**What is required:** Omit the pictures. Transcribe exactly the lines below, from the one with "Poplin Tunic with" up to and including the last.

**The data:**
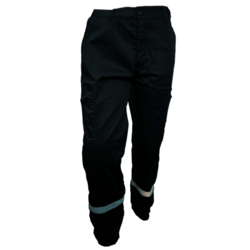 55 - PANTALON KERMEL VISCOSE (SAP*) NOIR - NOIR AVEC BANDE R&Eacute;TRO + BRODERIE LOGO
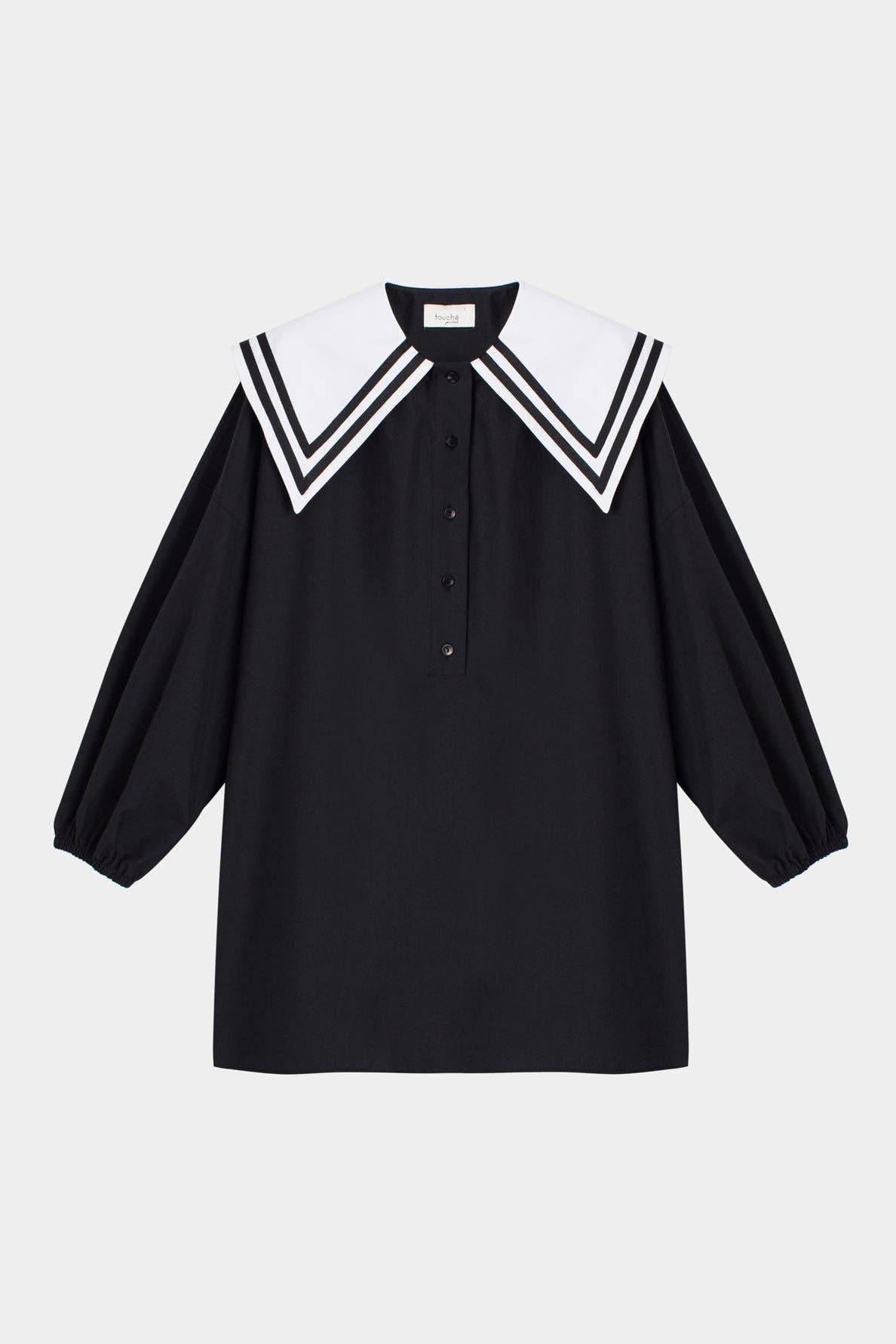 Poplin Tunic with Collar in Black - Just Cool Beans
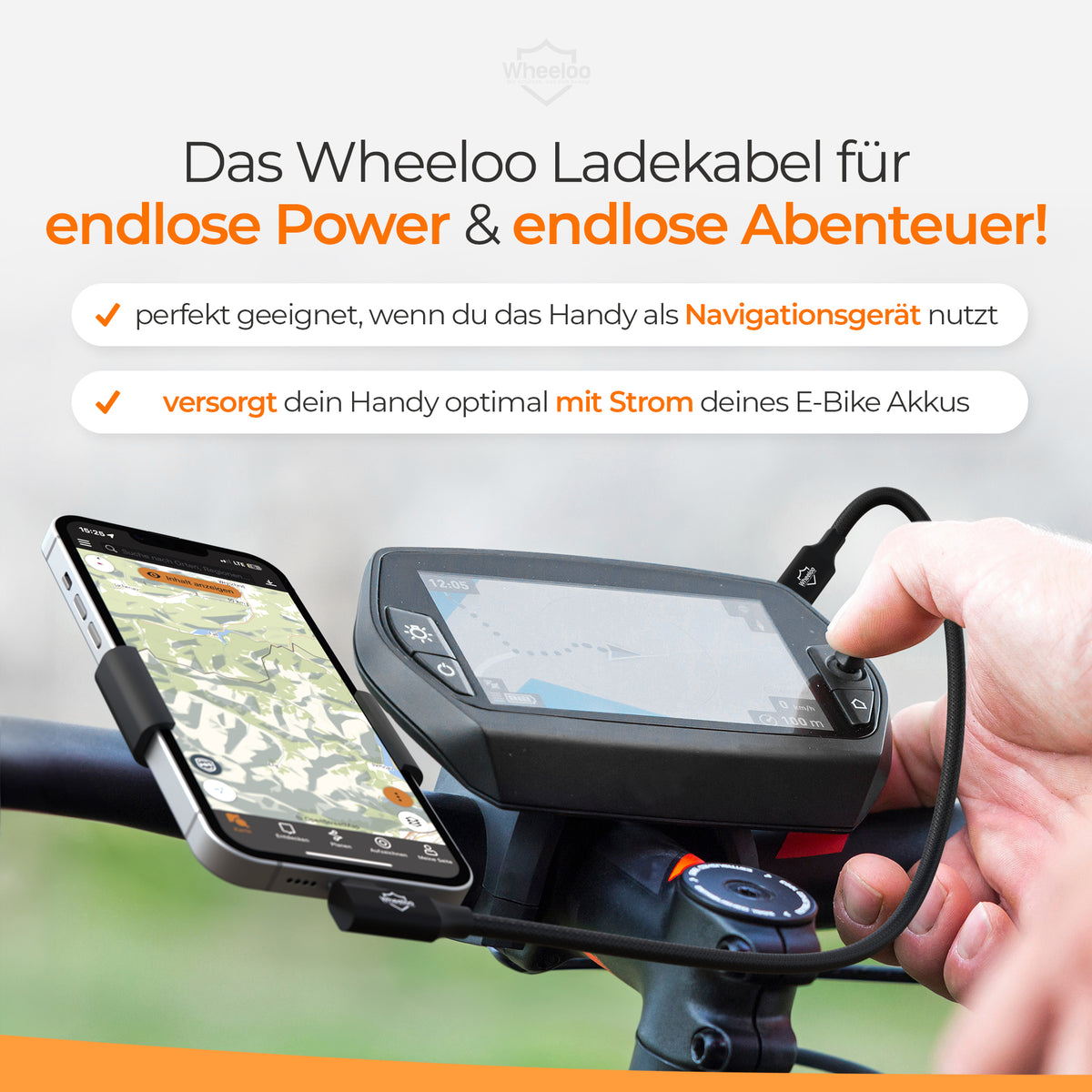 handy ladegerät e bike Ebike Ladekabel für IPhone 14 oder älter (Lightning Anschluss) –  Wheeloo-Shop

**Result of the exercise:**
 Poplin Tunic with Collar in Black - Just Cool Beans
 handy ladegerät e bike Ebike Ladekabel für IPhone 14 oder älter (Lightning Anschluss) –  Wheeloo-Shop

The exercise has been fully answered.